EXERCISE OBJECTIVE> Work through the entries below and show every line in which "Blend" is found.

Records drawn from a dataset

=== Section Start ===

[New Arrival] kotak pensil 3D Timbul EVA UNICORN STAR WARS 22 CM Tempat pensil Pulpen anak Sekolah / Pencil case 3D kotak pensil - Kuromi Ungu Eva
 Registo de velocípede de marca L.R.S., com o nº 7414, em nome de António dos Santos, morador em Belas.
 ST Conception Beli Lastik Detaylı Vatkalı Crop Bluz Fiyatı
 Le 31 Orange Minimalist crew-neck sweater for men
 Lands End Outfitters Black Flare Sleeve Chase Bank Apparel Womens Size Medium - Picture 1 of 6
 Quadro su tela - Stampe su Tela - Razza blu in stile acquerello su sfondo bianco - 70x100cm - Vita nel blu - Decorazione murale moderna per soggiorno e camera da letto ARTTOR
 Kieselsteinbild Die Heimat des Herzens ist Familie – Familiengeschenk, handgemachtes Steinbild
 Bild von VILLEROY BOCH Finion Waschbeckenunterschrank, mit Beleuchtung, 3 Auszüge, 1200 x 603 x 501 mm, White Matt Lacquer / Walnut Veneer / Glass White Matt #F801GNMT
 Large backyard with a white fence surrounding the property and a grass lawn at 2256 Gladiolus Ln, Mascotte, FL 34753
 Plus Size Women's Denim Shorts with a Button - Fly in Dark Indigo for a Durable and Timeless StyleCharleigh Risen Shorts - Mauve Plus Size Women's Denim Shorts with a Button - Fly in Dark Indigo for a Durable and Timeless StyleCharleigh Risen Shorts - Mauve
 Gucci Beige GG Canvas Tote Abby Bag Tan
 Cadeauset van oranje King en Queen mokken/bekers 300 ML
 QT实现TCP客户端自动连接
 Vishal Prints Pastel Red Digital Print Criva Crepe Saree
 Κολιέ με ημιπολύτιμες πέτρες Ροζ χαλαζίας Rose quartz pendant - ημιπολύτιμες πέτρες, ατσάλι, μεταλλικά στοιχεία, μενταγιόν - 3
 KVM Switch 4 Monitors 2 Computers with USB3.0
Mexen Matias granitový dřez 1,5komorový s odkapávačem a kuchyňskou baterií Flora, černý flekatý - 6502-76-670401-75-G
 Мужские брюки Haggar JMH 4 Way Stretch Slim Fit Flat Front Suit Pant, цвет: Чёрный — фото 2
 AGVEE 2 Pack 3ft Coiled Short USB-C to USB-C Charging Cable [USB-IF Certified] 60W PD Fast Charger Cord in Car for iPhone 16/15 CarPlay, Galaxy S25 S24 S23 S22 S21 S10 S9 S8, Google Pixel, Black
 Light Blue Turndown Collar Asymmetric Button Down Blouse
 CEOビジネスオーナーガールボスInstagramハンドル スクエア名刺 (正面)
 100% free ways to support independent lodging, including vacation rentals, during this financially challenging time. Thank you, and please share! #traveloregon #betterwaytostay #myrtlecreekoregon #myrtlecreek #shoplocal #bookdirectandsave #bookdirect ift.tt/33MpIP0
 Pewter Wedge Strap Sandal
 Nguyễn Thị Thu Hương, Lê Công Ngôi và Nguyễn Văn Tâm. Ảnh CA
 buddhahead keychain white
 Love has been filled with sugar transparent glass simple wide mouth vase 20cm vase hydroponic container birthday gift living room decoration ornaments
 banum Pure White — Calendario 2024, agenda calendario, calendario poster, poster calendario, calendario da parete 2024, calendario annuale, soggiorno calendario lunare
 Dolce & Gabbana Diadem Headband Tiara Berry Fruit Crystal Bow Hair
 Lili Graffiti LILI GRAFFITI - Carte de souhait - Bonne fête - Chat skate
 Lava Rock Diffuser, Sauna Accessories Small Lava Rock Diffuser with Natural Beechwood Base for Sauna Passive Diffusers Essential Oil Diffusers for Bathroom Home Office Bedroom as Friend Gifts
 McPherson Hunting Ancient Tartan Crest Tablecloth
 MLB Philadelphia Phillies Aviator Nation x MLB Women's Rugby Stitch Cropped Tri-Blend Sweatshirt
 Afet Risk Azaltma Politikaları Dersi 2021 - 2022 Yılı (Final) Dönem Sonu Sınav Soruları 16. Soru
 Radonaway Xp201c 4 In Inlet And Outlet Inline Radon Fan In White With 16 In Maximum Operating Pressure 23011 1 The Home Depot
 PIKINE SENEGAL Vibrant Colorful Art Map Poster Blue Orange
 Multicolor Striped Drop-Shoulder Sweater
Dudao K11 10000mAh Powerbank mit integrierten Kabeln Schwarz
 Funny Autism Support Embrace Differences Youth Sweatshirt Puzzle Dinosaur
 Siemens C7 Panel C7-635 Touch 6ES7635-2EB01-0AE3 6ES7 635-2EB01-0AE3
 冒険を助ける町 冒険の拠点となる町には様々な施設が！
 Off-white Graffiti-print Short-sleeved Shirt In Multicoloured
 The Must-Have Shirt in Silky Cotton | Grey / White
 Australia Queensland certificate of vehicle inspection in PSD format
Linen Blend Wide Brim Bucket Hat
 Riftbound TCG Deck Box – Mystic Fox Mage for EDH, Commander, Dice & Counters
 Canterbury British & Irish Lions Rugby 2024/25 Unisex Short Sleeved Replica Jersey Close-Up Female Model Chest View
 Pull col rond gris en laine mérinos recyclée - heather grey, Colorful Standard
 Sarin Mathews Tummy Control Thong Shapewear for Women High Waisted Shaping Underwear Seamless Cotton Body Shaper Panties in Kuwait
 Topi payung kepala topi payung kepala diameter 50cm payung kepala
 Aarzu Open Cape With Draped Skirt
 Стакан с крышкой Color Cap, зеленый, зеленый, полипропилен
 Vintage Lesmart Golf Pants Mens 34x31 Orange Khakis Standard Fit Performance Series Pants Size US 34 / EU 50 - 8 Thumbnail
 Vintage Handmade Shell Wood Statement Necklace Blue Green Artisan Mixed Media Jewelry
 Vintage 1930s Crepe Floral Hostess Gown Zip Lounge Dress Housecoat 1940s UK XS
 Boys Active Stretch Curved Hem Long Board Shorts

=== Section End ===

OUTPUT BELOW>
 MLB Philadelphia Phillies Aviator Nation x MLB Women's Rugby Stitch Cropped Tri-Blend Sweatshirt
Linen Blend Wide Brim Bucket Hat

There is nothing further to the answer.